Anders Gahnold Trio - Flowers for Johnny

Ken Waxman, Jazz Weekly

Appropriately, though morosely titled, this two-CD set will be welcomed since it puts into circulation another 100 plus minutes of music featuring expatriate South African bassist Johnny Dyani (1945-1986).
The discs, recorded in 1983 and 1985, are also the only recorded examples of this working trio, headed by Anders Gahnold. The Swede is an avocational alto saxophonist, who abandoned jazz after Dyani's death, only recording again on 2002's And William Danced with Americans, bassist William Parker and drummer Hamid Drake.
It may be that he only feels comfortable working with non-Swedes. While he started improvising early -- he was born in 1959 -- his only band was this spur-of-the-moment affair formed when he met Dyani loading his bass into his car after a gig and asked if the older man was interested. It was the bassist who brought along drummer Gilbert Matthews, another expatriate South African, whose European experience encompassed gigs with American saxist Charles Tyler and South African pianist Chris McGregor.
McGregor and Dyani were part of the Blues Notes, a racially mixed band that emigrated together from South Africa to London in the 1960s. After mixing with many British improvisers, the bassist moved his base of operations to Copenhagen from 1972 until the end of his life, recording with American and Dutch experimenters and touring as part of guitarist Pierre Dørge's New Jungle Orchestra.

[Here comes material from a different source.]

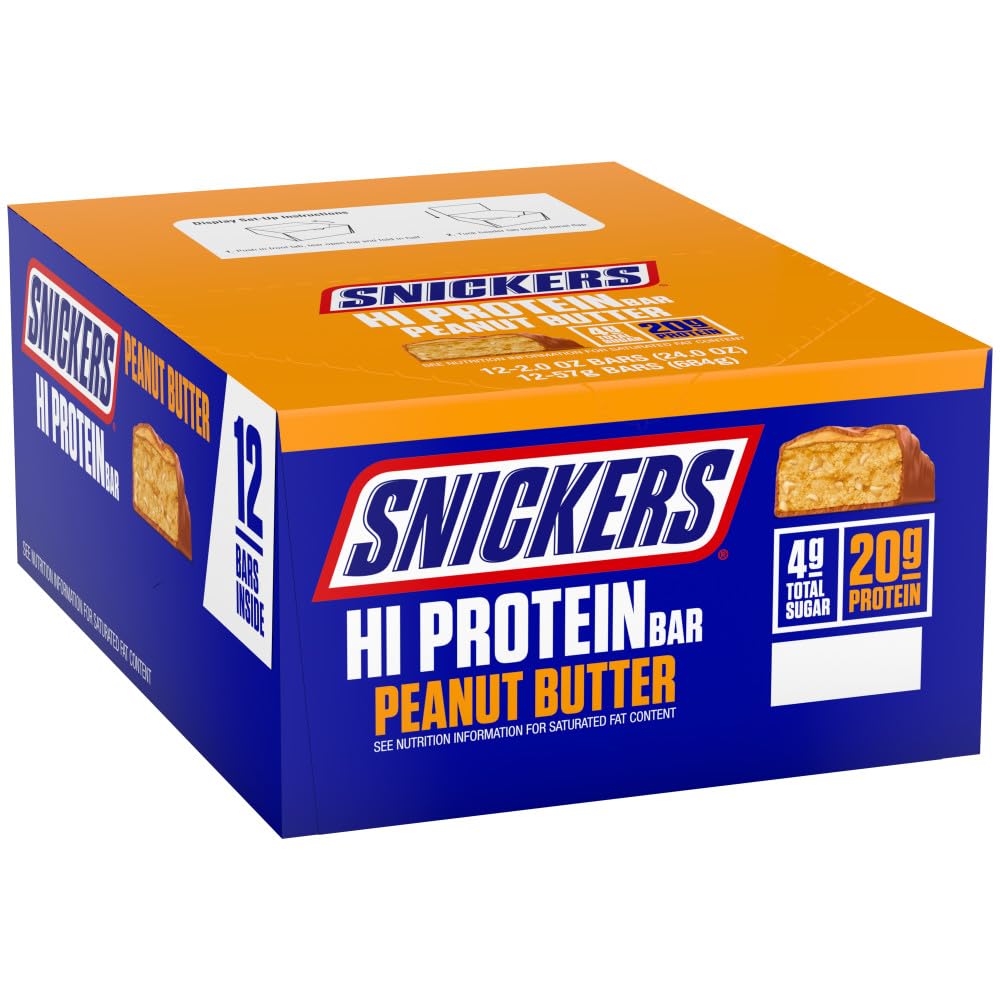 SNICKERS Hi Protein Bar - arašídové máslo & karamel, 2.0 oz, balení 12, vysoký protein, zdravé pro dospělé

Sweden was more conservative than Denmark though. Not only was this trio the bassist's only gig there, but his assured and powerful playing is placed in a pretty conventional freebop -- almost hard bop -- setting on the CD itself.
Gahnold, who was initially influenced by Charlie Parker and Paul Desmond, sticks to Bird's simpler side throughout. Like the Energizer Bunny he always seems "on" -- able to play and play and play. But his note selection on each tune, and his rather limited variations on the themes don't seem to diverge that much from standard changes. His output, especially on the first CD, sounds like that of Jackie McLean, or one of the other second generation modern alto saxophonists: based on bop, it's a bit more progressive but wedded to simple changes.
There are times here when he honks like an R&B stylist and others places, as on "Gilbert's Blues," where his highly shaded and edgy tone produces chirping sounds not that much different than what Cannonball Adderley would play.
Sticking to cymbal action and the occasional bass drum bomb dropping, Matthews too seems most comfortable in bop time. As a matter of fact there are portions of the blues track where his snare work suggests Dannie Richmond, at least the way Richmond played in 1960. Showcased, as on "Groove For Willy," however, he's practically transformed into Buddy Rich with a crowd-pleasing exhibition of thumps, rumbles and jumps. When Gahnold follows him with squealing up-and-down variations on the theme, it could be an updated JATP concert with the saxist in the Flip Phillips role.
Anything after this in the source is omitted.